On October 5, 1962, at the Tadmor Hotel School in Herzliya, officials launched מצעד מטעמי ישראל - the "Parade of Israeli Dishes." This wasn't just a cooking contest. It was cultural engineering disguised as a recipe swap.
"In the hope that vanilla will reach the Eastern Jews and that cumin and coriander will reach the Ashkenazi Jews," read the rallying cry of the 1963 Queen of the Kitchen competition.
The press coverage was synchronized across major newspapers - Haaretz, Davar, Al HaMishmar, HaBoker, and HaTzofeh all ran nearly identical stories - revealing this as a coordinated, state-driven campaign. The language was ambitious: "Help us return Adam to Eden through the flavors of Israel," Avishar declared at the launch. But behind the biblical metaphors lay practical desperation about Israel's culinary reputation.
The campaign was explicitly inclusive from the start. Organizers specifically reached out to Arab, Druze, and Circassian communities, framing food as a bridge between peoples. As one newspaper put it, "Gastronomy loosens tongues when a common language dries up; it dissolves resentment and hostility."
The Culinary Challenge: Engineering Fusion
This was no small affair. The campaign involved:
Residents of 101 towns and villages
Immigrants from 52 countries of origin
Three competition tiers: home cooks ("Queen of the Kitchen"), professionals ("Master Chef"), and international representation
But there was a problem. When the judges reviewed the initial submissions in 1962, they made a startling observation: most recipes were "not distinctly Eretz-Israeli." Israeli cuisine, they concluded, was simply, "a mix of Greek, Iraqi, and Mediterranean dishes."
The competition had a specific agenda beyond mere diversity. As contemporary coverage of "The Grand Ceremony of the Parade of Israeli Dishes" reveals, organizers explicitly promoted "combination of foods" (שילוב מאכלים) - encouraging fusion cooking that would blend traditions from Iraqi, Yemenite, and Jerusalem communities into something distinctly Israeli.
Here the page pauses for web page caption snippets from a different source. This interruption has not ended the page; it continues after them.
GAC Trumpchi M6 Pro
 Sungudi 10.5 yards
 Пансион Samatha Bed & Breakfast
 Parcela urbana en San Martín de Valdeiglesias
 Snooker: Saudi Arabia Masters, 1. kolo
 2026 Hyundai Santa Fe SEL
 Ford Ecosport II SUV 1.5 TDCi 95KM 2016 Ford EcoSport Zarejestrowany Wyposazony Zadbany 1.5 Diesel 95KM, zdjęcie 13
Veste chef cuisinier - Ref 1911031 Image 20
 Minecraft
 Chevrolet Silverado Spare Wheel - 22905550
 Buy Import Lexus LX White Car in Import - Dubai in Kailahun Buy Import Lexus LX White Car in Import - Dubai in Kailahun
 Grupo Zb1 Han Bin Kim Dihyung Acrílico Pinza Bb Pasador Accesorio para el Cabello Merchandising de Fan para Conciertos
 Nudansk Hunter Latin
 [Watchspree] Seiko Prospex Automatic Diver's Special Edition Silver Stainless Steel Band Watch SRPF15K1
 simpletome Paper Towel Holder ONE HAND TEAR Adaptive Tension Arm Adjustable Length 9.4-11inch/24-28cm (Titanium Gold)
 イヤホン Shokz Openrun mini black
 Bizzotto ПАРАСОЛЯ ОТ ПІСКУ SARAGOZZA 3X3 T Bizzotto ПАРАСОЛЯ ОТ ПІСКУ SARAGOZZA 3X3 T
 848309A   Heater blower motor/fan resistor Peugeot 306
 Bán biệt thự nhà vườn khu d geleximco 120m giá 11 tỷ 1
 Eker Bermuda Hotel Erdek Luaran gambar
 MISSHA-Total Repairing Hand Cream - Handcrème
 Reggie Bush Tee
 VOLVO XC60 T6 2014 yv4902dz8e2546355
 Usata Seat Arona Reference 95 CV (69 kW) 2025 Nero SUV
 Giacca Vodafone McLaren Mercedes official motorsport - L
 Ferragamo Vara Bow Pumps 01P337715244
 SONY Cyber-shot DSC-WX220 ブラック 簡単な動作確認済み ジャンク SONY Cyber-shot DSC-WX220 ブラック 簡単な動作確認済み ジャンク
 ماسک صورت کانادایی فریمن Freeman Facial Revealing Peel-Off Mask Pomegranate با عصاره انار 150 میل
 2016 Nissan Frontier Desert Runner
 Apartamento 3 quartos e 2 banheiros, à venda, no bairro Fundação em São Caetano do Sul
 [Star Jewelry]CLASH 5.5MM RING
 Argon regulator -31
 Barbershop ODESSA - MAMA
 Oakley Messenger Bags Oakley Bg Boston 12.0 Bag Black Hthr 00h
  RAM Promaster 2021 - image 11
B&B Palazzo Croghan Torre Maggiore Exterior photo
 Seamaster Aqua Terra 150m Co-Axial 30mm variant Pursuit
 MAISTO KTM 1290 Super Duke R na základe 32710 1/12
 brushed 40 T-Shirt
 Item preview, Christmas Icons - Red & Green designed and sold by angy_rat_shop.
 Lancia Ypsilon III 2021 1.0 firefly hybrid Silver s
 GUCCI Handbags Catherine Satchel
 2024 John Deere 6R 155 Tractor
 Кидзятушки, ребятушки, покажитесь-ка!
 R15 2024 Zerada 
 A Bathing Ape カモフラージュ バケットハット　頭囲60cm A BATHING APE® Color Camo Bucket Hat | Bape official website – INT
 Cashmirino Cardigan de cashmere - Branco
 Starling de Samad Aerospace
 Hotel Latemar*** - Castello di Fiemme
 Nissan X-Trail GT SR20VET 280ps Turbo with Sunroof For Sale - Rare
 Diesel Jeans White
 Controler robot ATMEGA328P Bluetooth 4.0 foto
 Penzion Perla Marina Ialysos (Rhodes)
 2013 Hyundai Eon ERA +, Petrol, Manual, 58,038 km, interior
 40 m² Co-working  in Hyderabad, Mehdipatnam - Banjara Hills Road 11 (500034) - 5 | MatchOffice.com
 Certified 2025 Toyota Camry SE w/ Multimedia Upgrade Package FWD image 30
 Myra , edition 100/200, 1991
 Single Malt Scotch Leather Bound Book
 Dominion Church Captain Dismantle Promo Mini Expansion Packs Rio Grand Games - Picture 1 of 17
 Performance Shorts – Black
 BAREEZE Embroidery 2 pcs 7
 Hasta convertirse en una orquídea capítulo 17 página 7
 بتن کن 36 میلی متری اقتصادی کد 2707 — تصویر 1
The scope was staggering. In 1963 alone, 1,400 participants entered the competition. Over the competition's 12-year run, more than 10,000 recipes poured in from across the country - a culinary census of the young nation, deliberately organized to create synthesis rather than preserve separation.
The organizers' vision was captured perfectly in the 1963 contest booklet, which expressed hope that, "vanilla would reach the Mizrahi communities and cumin and cilantro would reach the Ashkenazi communities." This wasn't just about cooking - it was culinary Zionism.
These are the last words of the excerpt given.